Issuing third-party debt to raise additional capital.

AuthorEllentuck, Albert B.

In many cases, a corporation reaps tax advantages if it issues debt, rather than stock, to investors, because interest paid on the corporation's debt is deductible, while dividends paid to shareholders are not. Further, the creditor receives principal repayments on corporate debt tax free, while distributions to shareholders are normally taxable as dividends to the extent of earnings and profits. The bias for issuing corporate debt and against capitalizing the corporation with equity (i.e., stock) has not changed due to recent legislation. (When it is not possible to use debt due to business reasons, the disadvantage of using equity is reduced, because qualified dividend income is currently taxed at a maximum 15% rate.)

If third-party debt is used as part of the initial capital structure, the shareholders do not need to invest as much of their personal funds, but can still obtain the same amount of ownership and control. Because less of the shareholders' money is invested, there is less likelihood they will need to take cash withdrawals that might be dividends to them and nondeductible by the corporation. The third-party loans can be repaid with cashflow generated by the business. Also, these repayments will not affect the shareholders' ownership interests and voting rights.

Example 1

Mary Jones contributed $100,000 to her new corporation, MJ Inc. The corporation borrowed an additional $200,000 in capital from Mary's friend, Stan Smith, to operate the business.
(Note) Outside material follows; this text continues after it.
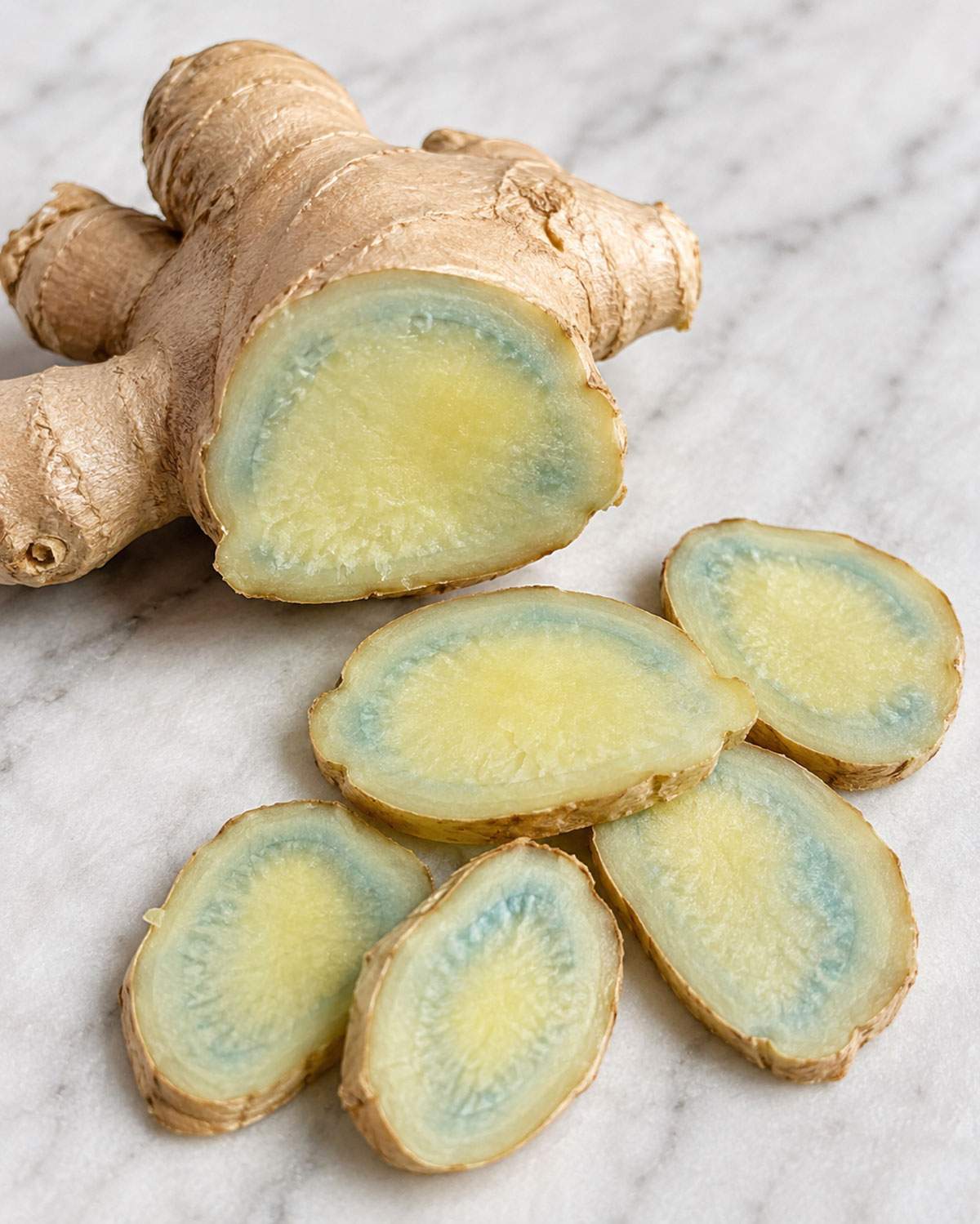 Cut ginger root and slices showing blue-green discolouration around the edges of the flesh.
Stan insisted on a market interest rate of 8% and monthly payments that will result in full repayment over 10 years.

Even though MJ incurred substantial interest expense over the 10-year period, it was able to fully repay the $200,000 debt. By leveraging capital with outside debt, the shareholder's rate of return on capital exceeded the 8% interest rate paid on the borrowed funds. Mary now owns 100% of all MJ's stock, with a personal investment of only $100,000. This option is clearly preferable to providing other individuals with stock that has voting rights or dividend preferences. Of course, the difficulty lies in finding an outside party willing to loan funds to a start-up company.

Outside investors holding corporate debt and equity have the advantage of being creditors in the case of bankruptcy or liquidation, while still maintaining an equity interest in case the venture is successful. Shareholder-creditors are on an equal footing with other creditors if the corporation goes...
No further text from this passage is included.